Short message communication is a unique function of my country's BeiDou Navigation Satellite System, used for data transmission in areas with no public network coverage. However, limitations in communication frequency and message length reduce the efficiency of BeiDou short message communication. Therefore, a compression method for BeiDou communication data is proposed. This compression method consists of two steps: the first step is lossy compression, based on the rotating door algorithm in industrial database compression technology. To achieve adjustable accuracy of lossy compression, an improved BP neural network PID controller is used to adjust the parameters of the rotating door algorithm online. The second step is lossless compression, proposing a lossless compression strategy using a special pre-byte combined with interpolation. Experiments show that after this two-step compression method, high compression is achieved for industrial process data, and the compression accuracy can be accurately adjusted during the compression process.

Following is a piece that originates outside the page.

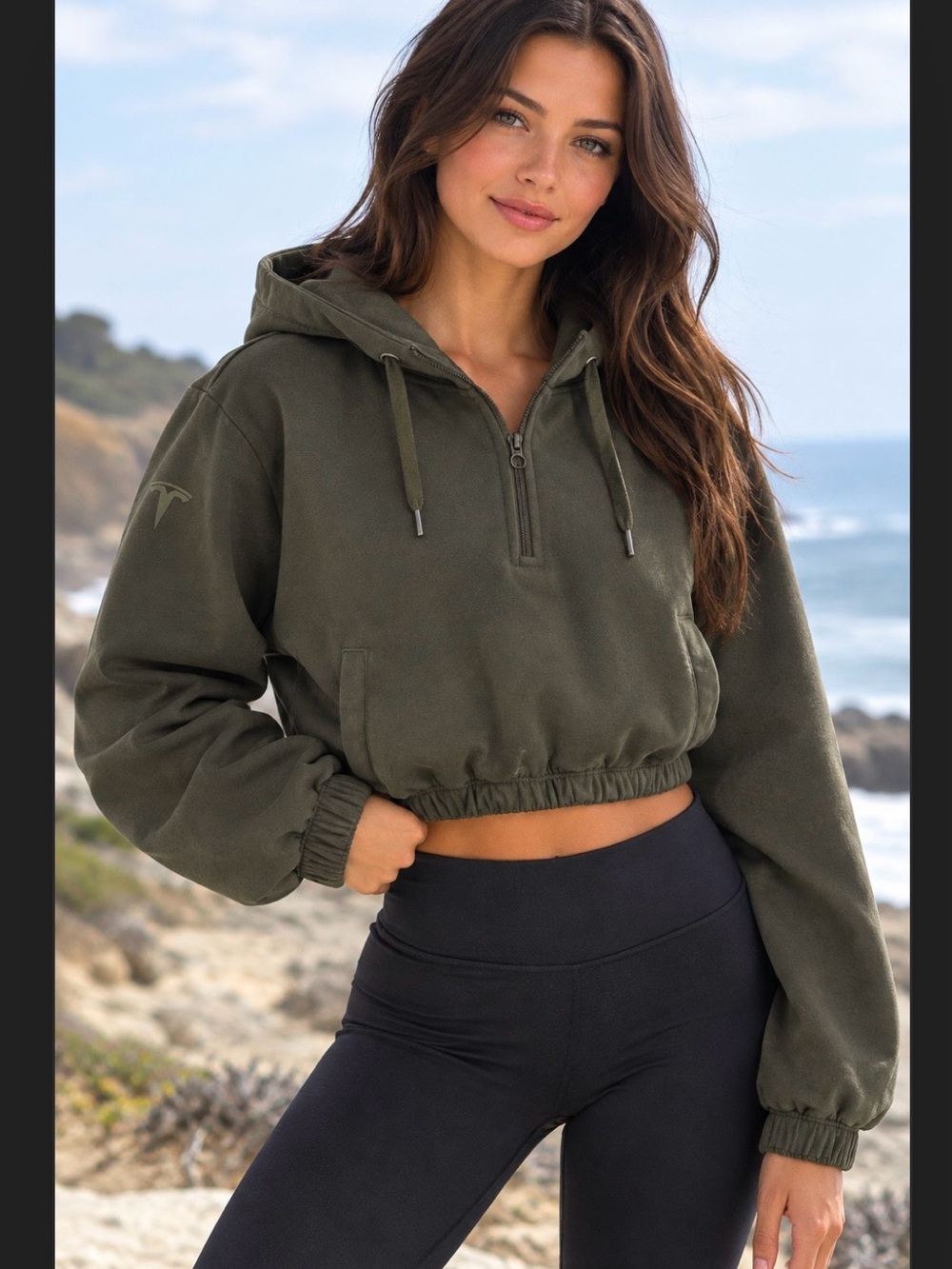 Tesla cropped sweatshirt olive green women’s small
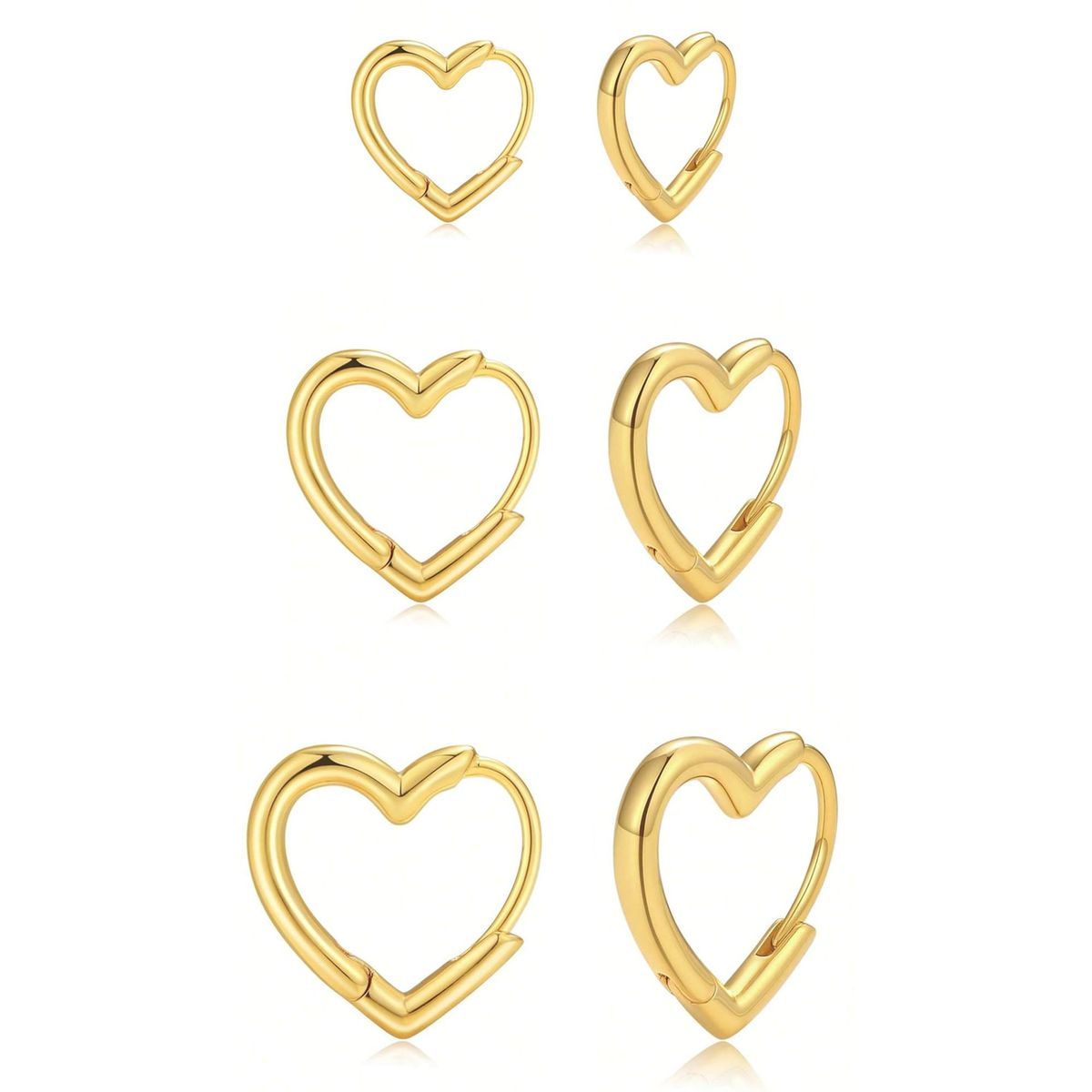 Women’s Jewelry Set Fashion Hot Sale Real Gold Brass Electroplating Simple And Versatile Golden Heart Shaped Three Piece Earrings And Ear Buckles_ipsvogv.com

Among the published papers on BeiDou short message communication, Yu Longhai proposed first establishing a mathematical model of the moving target, and then compressing the BeiDou positioning data through parameter simplification and differential coding [3]. Chen Haisheng proposed a fixed-length index code table for the transmission of fish catch data, which can solve the problem of lossless data compression transmission, but it is not universal [4]. Peng Hao proposed a joint compression algorithm of Chinese intelligent word segmentation and lossless compression coding, thereby realizing the expansion of communication data [5]. However, in industrial process data, real number information is mainly transmitted. At present, there is no practical solution for data compression and transmission of industrial process data for BeiDou short message communication. Therefore, this paper proposes a solution that compresses data step by step from both lossy and lossless compression aspects. Experiments show that this method can effectively compress short message data, thereby improving the efficiency and reliability of industrial process data transmission.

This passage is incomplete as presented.